El gobierno insiste a EEUU para que incluya a la isla en ley de quiebras

El Departamento de Justicia de Puerto Rico radicó un recurso de “certiorari” ante el Tribunal Supremo de Estados Unidos para que se declare constitucionalmente válida la ley que permitiría que las corporaciones públicas de la Isla reestructuren sus deudas mediante un proceso ordenado -Quiebra Criolla-.

El gobierno de Puerto Rico insistió en el recurso legal la necesidad de que las corporaciones públicas puedan reestructurar sus deudas, y que se garantice las prestación de los servicios básicos a la ciudadanía.

“Como anunciáramos hace unas semanas, estamos acudiendo ante el más alto foro judicial en la esfera federal, para que se le reconozca a Puerto Rico su facultad de legislar en materia de reestructuración fiscal de las corporaciones públicas. En la petición de ‘certiorari’ lo que decimos es que –dado que en 1984 se excluyó a Puerto Rico del Capítulo 9 del Código de Quiebras federal–, el campo para poder legislar en esa área nunca fue ocupado por lo que nuestra Ley 71 es válida. Así como hemos dicho anteriormente, no es aceptable que se coloque a Puerto Rico en estado de indefensión en sus asuntos fiscales. Convencidos de ello, defendemos con firmeza nuestro derecho a crear legislación que dicte los procesos ordenados que tanto el gobierno como sus acreedores necesitamos para enfrentar el cúmulo de deuda actual”, afirmó el secretario de la agencia César Miranda en un comunicado de prensa.

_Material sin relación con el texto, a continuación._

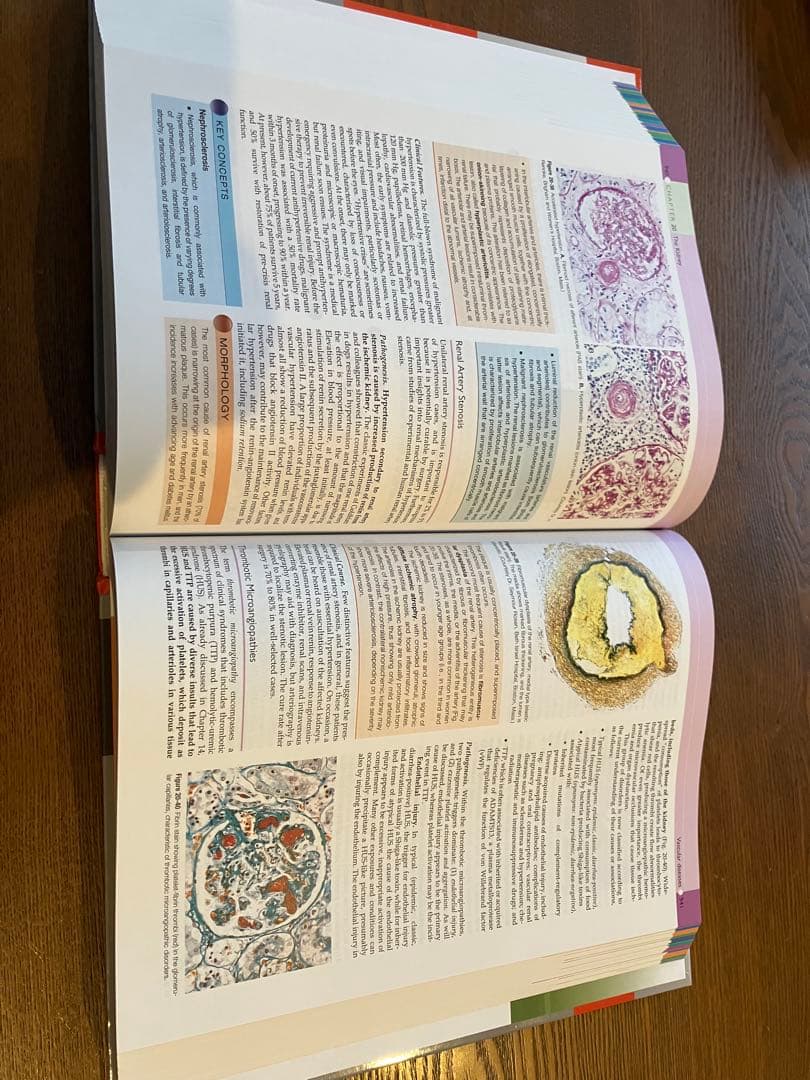 未使用Robbins and Cotran PATHOLOGIC 病理学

“Entendemos que el Tribunal Supremo de Estados Unidos debe acoger nuestra petición para que se reconozca la facultad de Puerto Rico de legislar una reestructuración fiscal en las corporaciones públicas. Es hora ya de que se despejen las dudas infundadas que se han estado lanzando sobre nuestra capacidad para encaminar nuestros propios asuntos en materia de legislación fiscal. No hay impedimento constitucional alguno para la puesta en vigor de nuestra Ley 71, la cual entendemos constitucional, necesaria y oportuna para atender de manera justa y ordenada nuestras obligaciones”, agregó.

En julio pasado el Tribunal de Apelaciones del Primer Circuito, confirmó al juez federal Francisco Besosa, quien declaró nula la “Ley para el Cumplimiento de las Deudas y para la Recuperación de las Corporaciones Públicas”, mejor conocida como “Quiebra Criolla”.

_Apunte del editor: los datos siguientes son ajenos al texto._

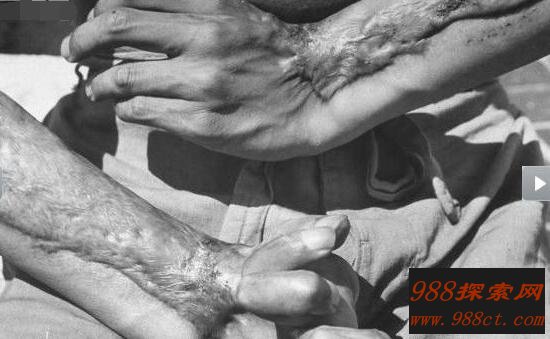 日本核辐射下的变异人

“En el denegar a Puerto Rico el poder de seleccionar el remedio del Capítulo 9, el Congreso ha retenido para sí mismo la autoridad de decidir la mejor solución navega en el caso de Puerto Rico…debemos respetar la decisión del Congreso de retener su autoridad”, expresa la orden del panel de jueces compuesto por el juez presidente Jeffrey Howard, Sandra Lynch y Juan Torruella.

Los jueces concluyeron que la enmienda de 1984 le garantiza la habilidad de prevenir que Puerto Rico se acoja al Capítulo 9 de la Ley federal de Quiebras.

El gobierno de Puerto Rico planteaba que aunque la Isla estuviera excluida de la Ley de Quiebras, tiene la autoridad para legislar localmente para permitir a las instrumentalidades del estado reestructurar su deuda para trabajar con la insolvencia del estado.

El Estado Libre Asociado (ELA) insistía en su derecho a tener un marco jurídico que le permita cumplir con sus obligaciones, sin afectar la continuidad de los servicios.

El 28 de junio de 2014 los inversionistas radicaron la demanda en el Tribunal Federal y pidieron al juez Besosa que declarara inconstitucional el estatuto.

Los demandantes, 23 gestores de fondos de Estados Unidos, particularmente las franquicias Franklin Funds y Oppenheimer y Blue Mountain Management, alegan que la “Quiebra Criolla es un campo ocupado por las leyes federales”.

Los jueces del Apelativo acogieron los planteamientos de los demandantes en el sentido de que el Congreso ha dispuesto que los estados no tienen el poder para aprobar sus propias leyes para el ajuste de deudas y han excluido a las instrumentalidades de Puerto Rico de participar en el sistema de quiebra federal.